• _DATA EXTRACTS_:
══════

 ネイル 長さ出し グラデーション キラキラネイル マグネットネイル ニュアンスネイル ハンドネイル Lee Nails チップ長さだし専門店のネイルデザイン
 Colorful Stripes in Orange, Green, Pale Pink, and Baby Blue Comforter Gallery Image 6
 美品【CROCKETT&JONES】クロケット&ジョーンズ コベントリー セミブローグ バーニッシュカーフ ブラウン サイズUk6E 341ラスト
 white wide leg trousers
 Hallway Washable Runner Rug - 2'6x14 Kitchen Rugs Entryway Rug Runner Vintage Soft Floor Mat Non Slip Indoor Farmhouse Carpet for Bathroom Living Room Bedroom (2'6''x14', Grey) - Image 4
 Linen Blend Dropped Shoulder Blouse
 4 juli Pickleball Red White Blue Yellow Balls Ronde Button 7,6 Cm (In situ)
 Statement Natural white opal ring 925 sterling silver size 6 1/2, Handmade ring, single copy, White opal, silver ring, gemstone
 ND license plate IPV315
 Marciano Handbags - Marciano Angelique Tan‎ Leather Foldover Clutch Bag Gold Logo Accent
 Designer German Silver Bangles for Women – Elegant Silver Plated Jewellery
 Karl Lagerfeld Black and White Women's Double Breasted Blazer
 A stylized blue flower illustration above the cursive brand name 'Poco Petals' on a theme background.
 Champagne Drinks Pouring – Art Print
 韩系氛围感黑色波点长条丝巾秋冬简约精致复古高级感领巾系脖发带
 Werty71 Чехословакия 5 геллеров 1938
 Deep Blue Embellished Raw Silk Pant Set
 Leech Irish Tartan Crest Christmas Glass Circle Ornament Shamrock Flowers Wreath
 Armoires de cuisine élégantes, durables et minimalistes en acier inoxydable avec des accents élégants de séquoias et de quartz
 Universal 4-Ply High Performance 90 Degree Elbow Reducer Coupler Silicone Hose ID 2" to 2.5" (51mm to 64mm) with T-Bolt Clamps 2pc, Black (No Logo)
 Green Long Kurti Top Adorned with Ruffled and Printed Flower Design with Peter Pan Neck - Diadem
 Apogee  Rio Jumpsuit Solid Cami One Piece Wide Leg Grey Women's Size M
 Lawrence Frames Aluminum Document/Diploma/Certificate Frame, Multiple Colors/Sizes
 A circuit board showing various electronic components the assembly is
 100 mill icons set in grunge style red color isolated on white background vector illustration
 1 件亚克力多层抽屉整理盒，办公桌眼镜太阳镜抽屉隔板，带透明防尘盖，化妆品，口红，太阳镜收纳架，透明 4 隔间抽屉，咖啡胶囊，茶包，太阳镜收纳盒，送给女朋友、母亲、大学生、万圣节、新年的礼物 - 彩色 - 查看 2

══════

• _ACTIVITY_:
Copy down every line of the material above that includes the string "with".

• _ANSWER BOX_:
 Universal 4-Ply High Performance 90 Degree Elbow Reducer Coupler Silicone Hose ID 2" to 2.5" (51mm to 64mm) with T-Bolt Clamps 2pc, Black (No Logo)
 Green Long Kurti Top Adorned with Ruffled and Printed Flower Design with Peter Pan Neck - Diadem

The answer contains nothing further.